### DIRECTIONS
Write out, exactly and only, the lines that run from the top of the records to the line with "Garvee Solarlampen für". Include both ends; exclude pictures.

(Collection entries)
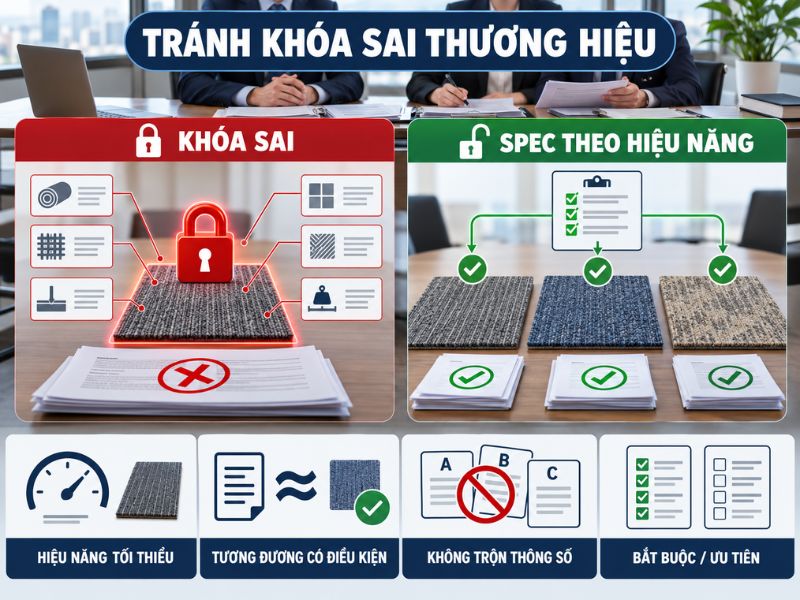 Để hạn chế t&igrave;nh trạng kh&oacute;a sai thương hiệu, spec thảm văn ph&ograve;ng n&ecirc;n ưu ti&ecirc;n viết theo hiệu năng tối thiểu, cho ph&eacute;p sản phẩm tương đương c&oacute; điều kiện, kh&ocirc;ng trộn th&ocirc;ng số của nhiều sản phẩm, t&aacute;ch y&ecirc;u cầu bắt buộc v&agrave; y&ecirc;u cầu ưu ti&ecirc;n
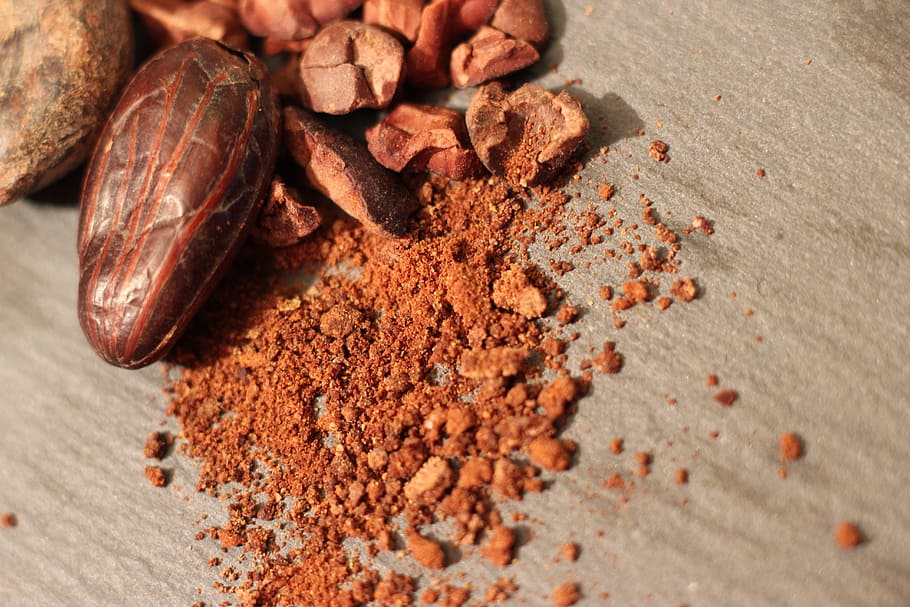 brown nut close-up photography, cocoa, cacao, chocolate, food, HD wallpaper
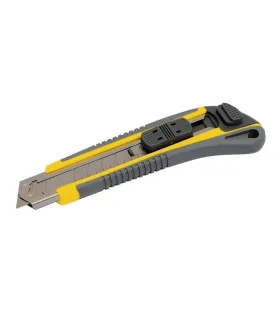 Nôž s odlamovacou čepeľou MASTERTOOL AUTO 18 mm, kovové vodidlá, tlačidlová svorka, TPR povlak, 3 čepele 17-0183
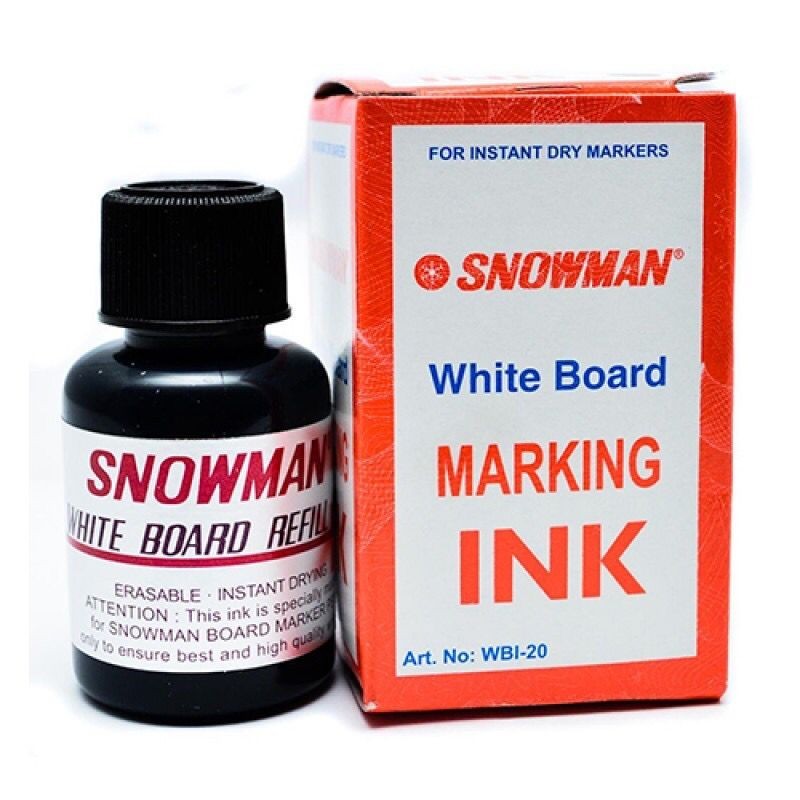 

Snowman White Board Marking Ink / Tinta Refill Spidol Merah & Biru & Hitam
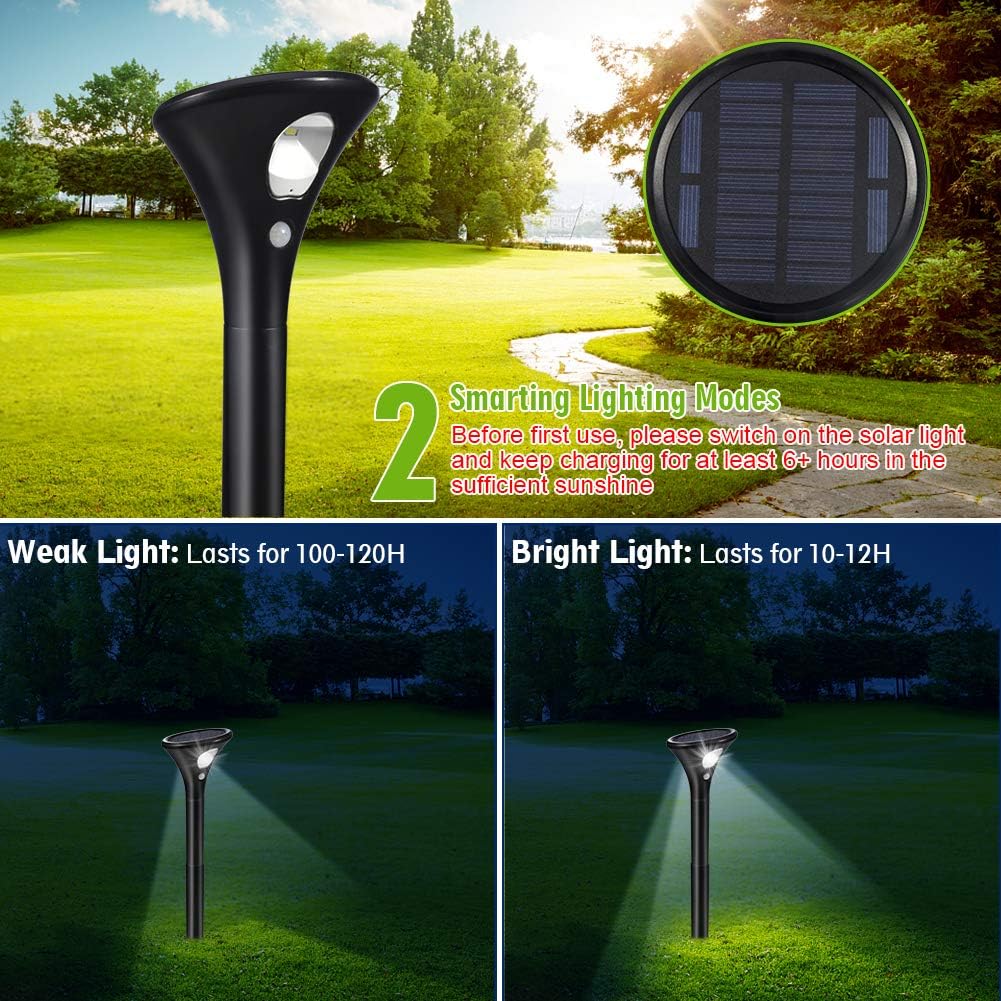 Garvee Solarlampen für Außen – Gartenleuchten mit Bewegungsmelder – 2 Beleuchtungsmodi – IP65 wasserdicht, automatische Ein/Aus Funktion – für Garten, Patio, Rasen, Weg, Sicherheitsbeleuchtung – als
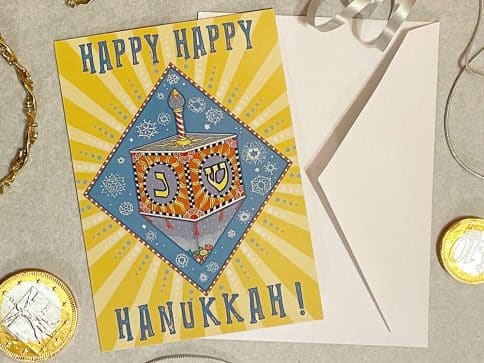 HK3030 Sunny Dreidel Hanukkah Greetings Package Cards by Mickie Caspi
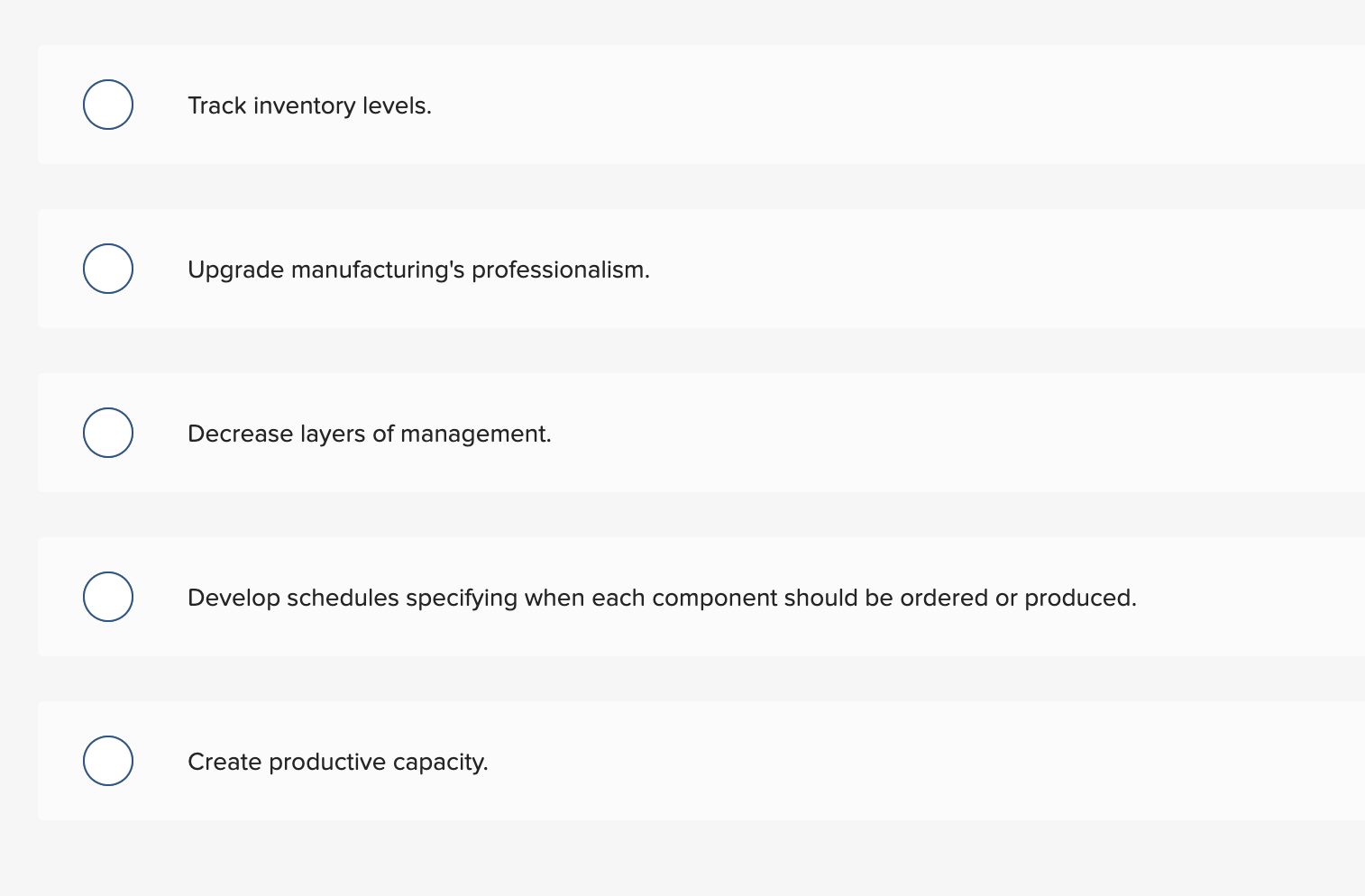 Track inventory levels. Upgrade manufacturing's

### ANSWER FOR THE TASK
 Để hạn chế t&igrave;nh trạng kh&oacute;a sai thương hiệu, spec thảm văn ph&ograve;ng n&ecirc;n ưu ti&ecirc;n viết theo hiệu năng tối thiểu, cho ph&eacute;p sản phẩm tương đương c&oacute; điều kiện, kh&ocirc;ng trộn th&ocirc;ng số của nhiều sản phẩm, t&aacute;ch y&ecirc;u cầu bắt buộc v&agrave; y&ecirc;u cầu ưu ti&ecirc;n
 brown nut close-up photography, cocoa, cacao, chocolate, food, HD wallpaper
 Nôž s odlamovacou čepeľou MASTERTOOL AUTO 18 mm, kovové vodidlá, tlačidlová svorka, TPR povlak, 3 čepele 17-0183

Snowman White Board Marking Ink / Tinta Refill Spidol Merah & Biru & Hitam
 Garvee Solarlampen für Außen – Gartenleuchten mit Bewegungsmelder – 2 Beleuchtungsmodi – IP65 wasserdicht, automatische Ein/Aus Funktion – für Garten, Patio, Rasen, Weg, Sicherheitsbeleuchtung – als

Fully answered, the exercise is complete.